My apologies if this questions has been previously answered, but I have been unable to find a solution.
OS: Windows 10
Processor: Intel core i3 (4030U) CPU @ 1.90GHz 64 bit OS, x64 - based processor

I receive the error when at idle for a few minuets, and when troubleshooter of any type is run.
It also prevented me from changing from Ethernet to wireless.

I preformed a SFC which found no issues.

Please provide a suggested fix with step by step details.

Any help is greatly appreciated.
Thank you!!!
(I am in urgent need to fix this problem so I will not have any interruptions in my online classes)


----------



## jenae

Hi, this is a rather obscure issue and one I have only seen once before, the Sdiagnhost.exe system file in windows system32 is corrupt (in which case SFC is supposed to fix, not surprised it doesn't).

I wonder if you have a Atheros wifi adapter? As far as I know it appears only once in win 10 registry at:-

HKEY_USERS\S-1-5-21-1671711460-671655273-2889426470-1001\Software\Microsoft\Internet Explorer\LowRegistry\Audio\PolicyConfig\PropertyStore\12f7cb9b_0

I have two suggestions, first go to search and type command prompt right click on the returned command prompt and select "run as administrator" an elevated cmd prompt will open copy & paste the following cmd into the prompt window:-

Dism /Online /Cleanup-Image /RestoreHealth (press enter) let it run, afterwards restart computer.
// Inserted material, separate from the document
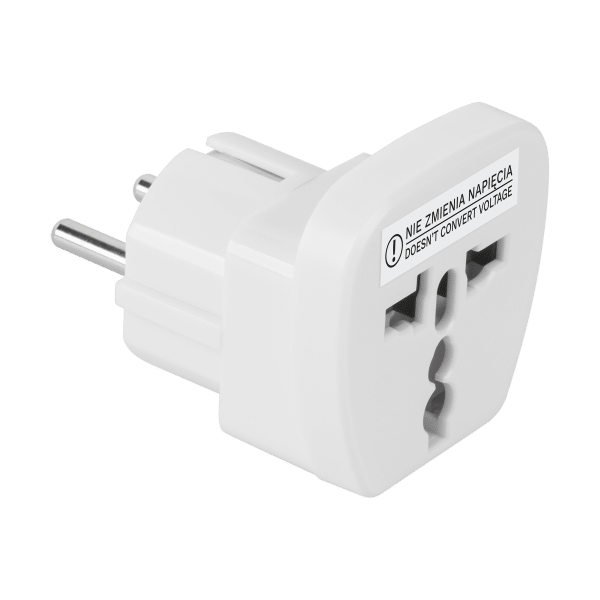 Travel Adapter, przejściówka sieciowa AC wt/gn uni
If this fails press win + r keys together in the run dialogue box type:-

ms-settings:network-status (press OK) scroll to the bottom and select:-

network reset, this rebuilds network settings and is new to anniversary + versions of 10.


----------



## TnLisa75

Thank you very much Jeane,
After I posted to this thread I got in touch with Microsoft and they were able to provide a solution....I HOPE....that seems to have fixed the issue. It was rather simple so I will share it here and hope that it helps someone else.
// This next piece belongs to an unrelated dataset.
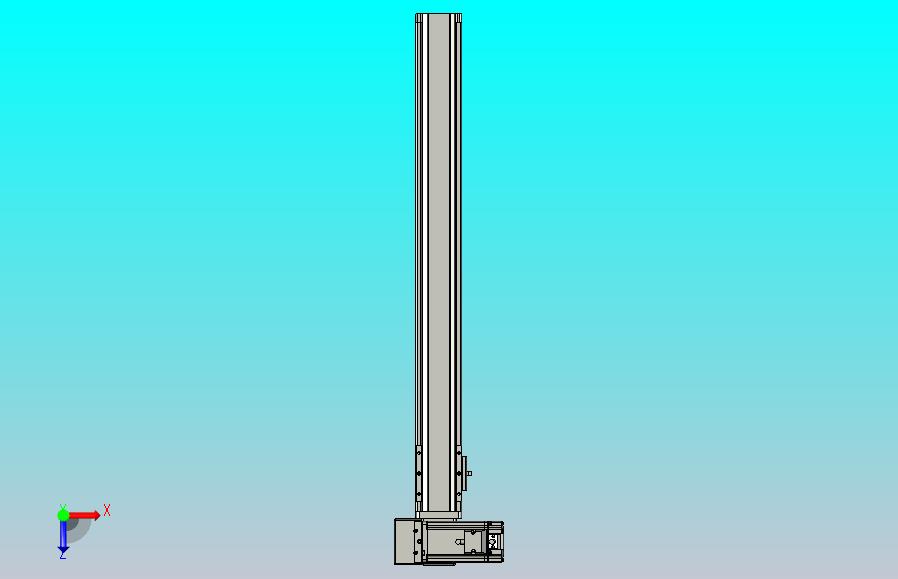 皮带直线轴半封闭可选导轨TPA-HNB-65S-90-L550-LU-Y-P10-N3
All we did was a manual system update. I don't have the steps to share with anyone, but apparently my automatic updates were turned off. This was odd to me because I never turned them off, AND my system showed an Windows update from the night before. Regardless, we initialized an manual Windows update and allowed a restart. Sounds simple, but it worked.
I will save your solution as well because it hasn't been 24 hours yet since I did this and if the error occurs again I will follow your instructions.
Thanks again for taking the time to respond.


----------